▶ Short descriptive text snippets:
[Start of Attachment]
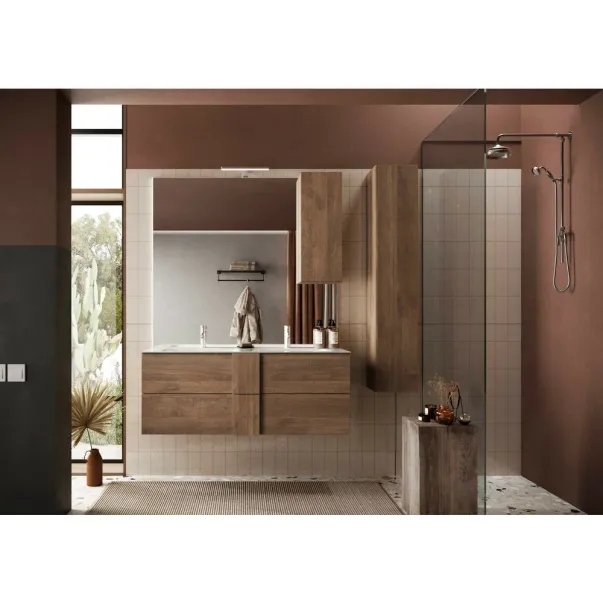 Dulap coloana mare suspendat LC Mobili Italia Hamburg 26x138 cm finisaj stejar inchis mercure picture - 3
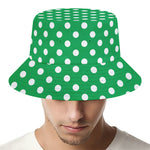Green And White Polka Dot Pattern Print Bucket Hat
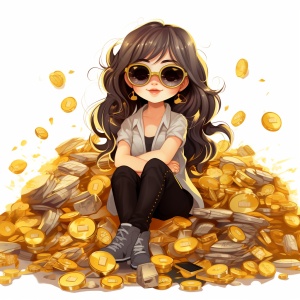cute girl wearing sunglasses, sitting in a money mountain, lots of money and gold and coins, chibi styleniji 5s 750ar 3:4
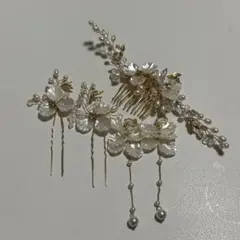 花びらヘッドドレス イヤリングセット 前撮り 披露宴成人式 ブライダル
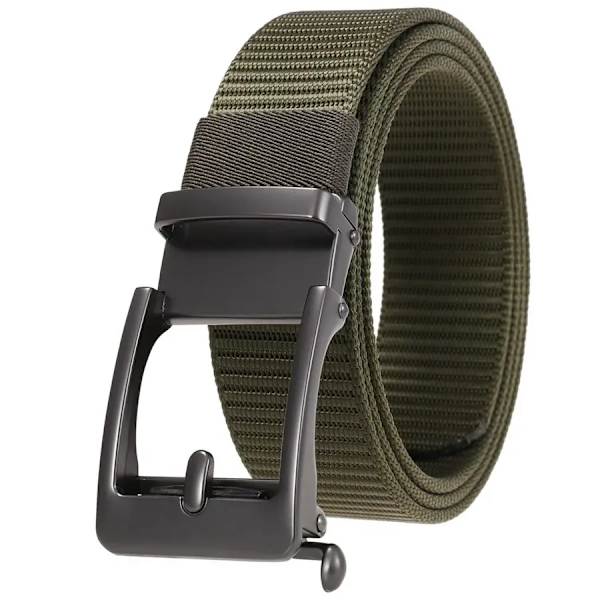 Nylon läderbälte för män Nytt tandlöst bälte med spänne hane midjeband Bredd: 3,5 cm Längd: 120 cm khaki 115CM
[End of Attachment]
▶ EXERCISE INSTRUCTIONS: The copy should hold exactly the lines from the one containing "花びらヘッドドレス イヤリングセット 前撮り 披露宴成人式 ブライダル" through the final line of the records above, both ends included, and no picture.

▶ RESULT OF THE TASK:
 花びらヘッドドレス イヤリングセット 前撮り 披露宴成人式 ブライダル
 Nylon läderbälte för män Nytt tandlöst bälte med spänne hane midjeband Bredd: 3,5 cm Längd: 120 cm khaki 115CM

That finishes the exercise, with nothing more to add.